** Exercise directions **
Start at the first line below and write out everything verbatim except the pictures.
[[ Data excerpt, beginning ]]
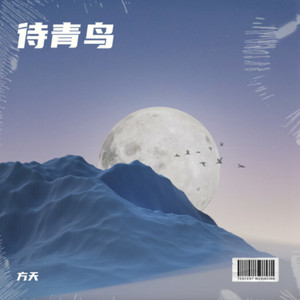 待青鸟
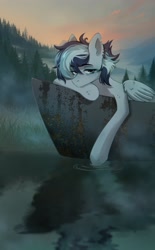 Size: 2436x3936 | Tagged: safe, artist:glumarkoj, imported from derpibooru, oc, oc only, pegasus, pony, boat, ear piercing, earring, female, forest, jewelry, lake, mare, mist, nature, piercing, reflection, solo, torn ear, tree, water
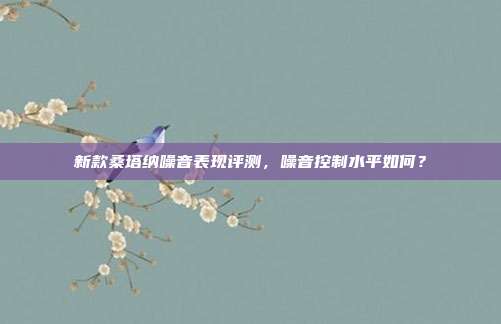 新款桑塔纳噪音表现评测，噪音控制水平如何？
[[ Data excerpt, end ]]
** Finished exercise **
 待青鸟
 Size: 2436x3936 | Tagged: safe, artist:glumarkoj, imported from derpibooru, oc, oc only, pegasus, pony, boat, ear piercing, earring, female, forest, jewelry, lake, mare, mist, nature, piercing, reflection, solo, torn ear, tree, water
 新款桑塔纳噪音表现评测，噪音控制水平如何？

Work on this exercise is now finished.